Material for this exercise:
☆ ☆ ☆ ☆ ☆

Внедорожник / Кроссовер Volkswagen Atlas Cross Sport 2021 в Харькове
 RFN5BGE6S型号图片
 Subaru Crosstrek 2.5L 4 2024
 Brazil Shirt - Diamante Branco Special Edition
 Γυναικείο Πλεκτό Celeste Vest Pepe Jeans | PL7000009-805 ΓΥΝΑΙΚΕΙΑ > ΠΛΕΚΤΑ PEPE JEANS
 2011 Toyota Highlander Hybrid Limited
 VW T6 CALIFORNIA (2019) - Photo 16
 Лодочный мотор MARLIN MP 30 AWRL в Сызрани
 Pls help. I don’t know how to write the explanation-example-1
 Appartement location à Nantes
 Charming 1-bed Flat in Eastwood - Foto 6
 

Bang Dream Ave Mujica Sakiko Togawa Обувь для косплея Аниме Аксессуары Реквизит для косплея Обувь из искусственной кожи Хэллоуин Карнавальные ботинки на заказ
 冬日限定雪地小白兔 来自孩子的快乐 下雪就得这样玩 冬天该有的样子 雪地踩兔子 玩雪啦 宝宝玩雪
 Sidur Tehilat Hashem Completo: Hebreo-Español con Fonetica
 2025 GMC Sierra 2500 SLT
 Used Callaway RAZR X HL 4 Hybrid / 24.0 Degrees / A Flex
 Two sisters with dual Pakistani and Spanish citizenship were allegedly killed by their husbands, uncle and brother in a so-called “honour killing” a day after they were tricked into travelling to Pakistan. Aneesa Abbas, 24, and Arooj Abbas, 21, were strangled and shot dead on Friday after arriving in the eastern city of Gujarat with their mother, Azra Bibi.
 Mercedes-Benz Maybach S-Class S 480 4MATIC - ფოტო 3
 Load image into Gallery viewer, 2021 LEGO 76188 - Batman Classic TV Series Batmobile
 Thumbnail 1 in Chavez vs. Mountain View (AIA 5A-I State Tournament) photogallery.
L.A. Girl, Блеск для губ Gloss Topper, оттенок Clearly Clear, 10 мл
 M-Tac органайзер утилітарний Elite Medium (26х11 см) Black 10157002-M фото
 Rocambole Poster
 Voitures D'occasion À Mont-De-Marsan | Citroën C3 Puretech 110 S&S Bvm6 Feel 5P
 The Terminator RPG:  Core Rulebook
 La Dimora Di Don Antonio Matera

☆ ☆ ☆ ☆ ☆

Requirement:
Look over the entries above and tally the lines containing the string "into"; the answer is that total only.

Your response:
2